Мучения поэта стали нестерпимыми, но грузовик уже летел по бульвару и остановился у грибоедовской решетки.
Морщась от душевной боли, злясь на то, что еще нужно возиться с этими проклятыми полотенцами, Понырев собрал их в кучу, спрыгнул с платформы.
Ресторан торговал до четырех, и на веранде еще горели лампы. Свет их был скуден и неуместен в неудержимо надвигающемся майском рассвете.
Отравленный взрывом неврастении, больной и постаревший даже как будто бы, поэт вошел на веранду. Оставались только последние посетители. В углу, над решеткой, с вьющимся каким-то чахлым растением, кто-то, кажется кинорежиссер, наливал какой-то даме «Абрау-Дюрсо» в узкий бокал, еще какая-то группа сидела вдали.
Понырев был встречен Арчибальдом Арчибальдовичем чрезвычайно приветливо и тотчас избавлен от полотенец. Не будь Понырев так истерзан в доме скорби и грузовике, он, наверное, получил бы удовольствие, рассказывая о том, как все это было, описывая удивительную лечебницу, пожалуй, придумывая интересные подробности. Но сейчас ему было не до этого, а кроме того, как ни мало был наблюдателен Понырев, теперь он, после пытки в грузовике, впервые остро и болезненно вглядевшись в лицо пирата, понял, что тот, хоть и расспрашивает о Бездомном, и даже склоняется к стулу, и даже восклицает «ай-ай-ай!», но совершенно равнодушен к судьбе Бездомного, ничуть его не жалеет и не интересуется им. «И молодец! И правильно!» — с цинической, самоуничтожающей злобой подумал Понырев и, оборвав рассказ о шизофрении, сказал:
— Арчибальд Арчибальдович, водочки мне…
Пират сделал сочувствующие и таинственные глаза, шепнул:
— Понимаю… понимаю,— и мигнул официанту.
Через четверть часа Понырев в полном одиночестве сидел, скорчившись над рыбцом, пил рюмку за рюмкой, понимая, что исправить в его жизни уже ничего нельзя, но можно забыть.
Поэт истратил свою ночь, в то время как другие пировали, и теперь ему хотелось вернуть ее. В уголке у лампы ему казалось, что это ночь, но стоило ему поднять голову, чтобы убедиться, что она пропала безвозвратно… Официанты срывали скатерти со столов, коты шныряли возле веранды, и вид у них был утренний.
На поэта неудержимо наваливался день.
Глава VII
Нехорошая квартира
Если бы Степе Лиходееву сказали так: «Степа! Тебя расстреляют, если ты сию минуту не встанешь!» — Степа ответил бы томным, чуть слышным голосом: «Расстреливайте, делайте со мною что хотите, но я не встану».

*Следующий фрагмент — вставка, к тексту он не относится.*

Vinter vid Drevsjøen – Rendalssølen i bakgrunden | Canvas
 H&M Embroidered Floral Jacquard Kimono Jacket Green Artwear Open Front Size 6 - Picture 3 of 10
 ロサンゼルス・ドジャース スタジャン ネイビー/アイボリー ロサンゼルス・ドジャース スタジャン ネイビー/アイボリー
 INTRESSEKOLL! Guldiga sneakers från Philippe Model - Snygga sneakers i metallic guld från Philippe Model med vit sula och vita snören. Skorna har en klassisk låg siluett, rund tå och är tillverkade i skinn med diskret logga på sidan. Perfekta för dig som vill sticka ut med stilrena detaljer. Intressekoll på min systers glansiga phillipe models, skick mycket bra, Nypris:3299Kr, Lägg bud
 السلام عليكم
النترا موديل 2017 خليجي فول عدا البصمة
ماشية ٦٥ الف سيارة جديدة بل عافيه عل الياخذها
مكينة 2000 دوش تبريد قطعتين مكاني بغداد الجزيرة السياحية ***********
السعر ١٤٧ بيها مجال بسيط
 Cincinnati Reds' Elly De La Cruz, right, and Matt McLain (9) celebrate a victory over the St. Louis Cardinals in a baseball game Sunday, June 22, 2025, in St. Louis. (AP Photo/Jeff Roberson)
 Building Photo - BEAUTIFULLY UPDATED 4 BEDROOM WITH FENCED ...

Не то что встать,— ему казалось, что он не может открыть глаз, потому что, если он их откроет, сверкнет молния и голову ему тут же разнесет на куски.
В голове этой гудел тяжелый колокол, между глазными яблоками и закрытыми веками проплывали коричневые пятна с огненно-зеленым ободком, и кроме того, тошнило, причем казалось, что тошнота эта связана со звуками какого-то патефона.
Степа старался что-то припомнить, но припомнить мог только одно, что, кажется, вчера и неизвестно где он стоял с салфеткой в руке и делал попытку поцеловать какую-то даму, причем обещал ей, что на другой день (то есть, значит, сегодня) придет к ней в гости в полдень.